Павел лежал, глядя в потолок, стараясь не шевелиться, не дышать даже (сбылись, сбылись страшные Филькины пророчества!), лежал и с ужасом думал о завтрашнем дне. Потом понемногу забылся, но сон был зыбким, тревожным – то ли сон, то ли так, дремота. А утром, розовая ото сна, странно похорошевшая Таня откинула одеяло и стала весело подшучивать над его волосатой грудью, над родинкой на мочке левого уха, над отросшей за сутки щетиной. Она смеялась, целовала его в губы, он снова ощутил тяжесть ее упругой груди, и желание, жаркое как пламень, охватило его всего, все исчезло, кроме желания, ничего уже не было, кроме него. Он – и его желание, Таня и ее тяга к нему, чудесным образом слившиеся воедино…
Таня потянулась за сумочкой, достала пачку «Казбека» – он и не знал, что она курит, – закурила и протянула папиросу Павлу. Он принялся неумело попыхивать, не зная, что теперь надо делать. Она докурила и встала.
– А ты ничего, – сказала она чуть иронически. – Ну, вставай, на лекции опоздаем.
Какие лекции? Да он про них и забыл! Павел прислушался. В коридоре хлопали двери, женский голос сварливо бранил какого-то Витьку: «Уж больно хитер ты, Витек! Больно хитер…» Как же он теперь выйдет? Все сразу поймут. И вообще – как встать с постели? Белье далеко, на стуле. А Таня не спеша встала, и так же не спеша оделась, и все рассказывала о том, как их экспедиция раскопала курган и нашла удивительно интересное захоронение. Павел изо всех сил смотрел мимо, кивал и ждал, когда она выйдет. И Таня поняла. Она подошла к стулу, сгребла его одежду, бросила на диван.

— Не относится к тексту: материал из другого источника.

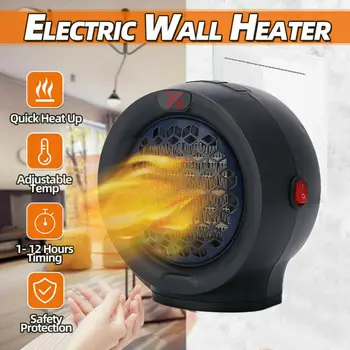 

900W Portable Mini Electric Heater Fan Handy Air Warmer Silent Desk Home/Office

– Одевайся! Я приготовлю завтрак.
Павел торопливо оделся, смущенный ее догадливостью, благодарный за все, что произошло между ними, и почему-то сердитый. Хорошо все-таки, что она ни о чем таком не говорит, – ему не так стыдно. Но почему же должно быть стыдно? Почему ему стыдно? Ведь у него получилось, он стал мужчиной, Филькины страхи теперь позади, а все равно стыдно. И хочется поскорее уйти и не видеть Таню, и как там тетя Лиза?
Нет, на лекции он не пойдет, он поедет домой – вдруг что случилось? Павел заторопился, что-то соврал вошедшей с шипящей сковородкой в руках Тане и, провожаемый ее ироническим взглядом – он прямо кожей чувствовал этот взгляд, – выскочил на улицу.
Было сухо и холодно. Вчерашние лужи покрылись хрупким ледком. Но это уже ничего не меняло: в воздухе плавали весенние запахи и от легкого морозца еще острее пахло весной. Павел поднял воротник пальто, неизвестно зачем купил на углу пачку «Казбека» и, сунув руки в карманы, зашагал к метро по солнечным улицам. И это яркое солнце, хрустящий под ногами лед и синее-синее небо напоили его радостью.
Тетя Лиза встретила Павла упреками и даже слезами. Мокрое полотенце стягивало ее лоб, в комнате пахло уксусом. И от жалости к ней, от острого чувства вины он накричал на нее прямо с порога:
– Ну, что случилось? Ну переночевал у Славки: засиделись в читалке. Тетя Лиза, я уже взрослый, понимаете, взрослый! Мне это наконец надоело!
Изо всех сил хлопнув дверью, Павел прошел в свою комнату, сбросил пальто, вытащил дрожащими пальцами вторую в жизни папиросу, закурил, сразу закашлявшись, и повалился на кушетку. Он лежал, пытался вдыхать непонятно сладостный горький дым и видел перед собой Таню. В соседней комнате было тихо, потом его позвал неуверенный голос мачехи:
– Пава, иди завтракать.
Он молча вышел, молча сел на отцовское, теперь его, место и, не глядя на тетю Лизу, съел целую сковородку картошки и выпил три стакана сладкого чая. А потом так же молча снова ушел к себе.